The order of the capture list will influence the order of the parameters of the final function. If you want the parameters in a particular order, now is a good time to reorder the capture list.

5. Convert captures to parameters

For each captured local variable (except `this`)
  • Go to the definition of the variable
  • Copy the variable declaration (e.g. `Column* pCol`)
  • Paste in to the lambda parameter list
  • Make the parameter const and by-reference
  • Remove the variable from the capture list
  • Pass the variable in to the call
  • Compile.
i.e.:
 Foo foo = ...
 Bar* bar = ...
 auto Applesauce = [this, &foo, &bar]() -> void {
    // something with foo and bar...
 };
 Applesauce();
becomes

 Foo foo = ...
 Bar* bar = ...
 auto Applesauce = [this](Foo& foo, Bar*& bar) -> void {
    // something with foo and bar...
 };
 Applesauce(foo, bar);
Note: even pointers must be passed by reference.
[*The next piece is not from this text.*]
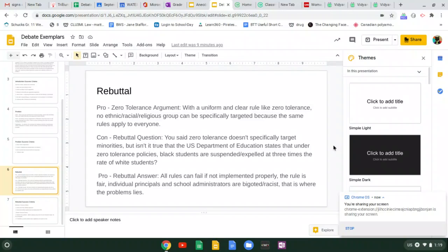So this is their rebuttal question. You said zero tolerance doesn't specifically target minorities, but isn't it true that the U.S. Department of Education states that under zero tolerance policies black students are suspended or expelled at three times the rate of white students?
6. Try to eliminate `this` capture

  • Remove `this` from the capture list
  • Compile
  • If the compile fails, undo

7. Convert lambda to function

If `this` is captured, use 7A.
If `this` is not captured, use 7B.

7A. Convert this-bound lambda to member function

  • Cut the lambda statement and paste it outside the current function
  • Remove `= [this]`
  • Copy the signature line
  • Add `SomeClass::`
  • In the header file, add the function declaration in a private section.
  • Compile 
i.e.:
 auto SomeClass::Applesauce(Foo& foo, Bar*& bar) -> void {
// ... };

Note: this is using new C++11 syntax for functions. You may want to convert to the old syntax, like this:

 void SomeClass::Applesauce(Foo& foo, Bar*& bar) {
  // ...
 };

7B. Convert non-this Lambda to free function

  • Cut the lambda statement and paste it above the current function.
  • Remove `= []`
  • Wrap it in an unnamed namespace
  • Compile
If the free function uses typedefs/aliases or classes nested in the original class, convert the free function to a private static function of the original class (7A).

i.e.:

namespace {
 auto Applesauce(Foo& foo, Bar*& bar) -> void {
// ... };
}

Note: this is using new C++11 syntax for functions. You may want to convert to the old syntax, like this:
namespace {
 void Applesauce(Foo& foo, Bar*& bar) {
// ... };
}

2 comments:

Arne Mertz said...

Thanks for the detailed recipe! I've written something similar but way shorter a while ago (see below). You mention setting the return type, but if what you factor out was a block in the beginning, then there is none. If it wasn't a block, then introducing the lambda (or any block) might result in compile errors when variables that are created in the new block are used after it. These together make up the return type of the lambda and the new function.



https://arne-mertz.de/2016/10/large-legacy-applications-tools/#Example_factor_out_a_function

Jay Bazuzi said...

Cool Arne.

I may be misunderstanding the concern you bring up. The recipe demands a block (or a scoping statement) to avoid the problems of changing variable scope and lifetime. But blocks can return a value. For example: https://gist.github.com/JayBazuzi/9b5b2aeb95368b10decbb4c9706a88ae

I do think there's something that needs fixing in the recipe. There are multiple cases but they are all a bit muddled today:

1. No return statements, no problem.
2. Return in a `void` method.
3. Return a value in a non-`void` method.

If there is a return, you have to make sure that all paths return, and in #2 the compiler won't help you.

Also, a previous iteration of the recipe could extract an expression, not just a block of statements, but I removed that for simplicity. We'll have to fill that in later.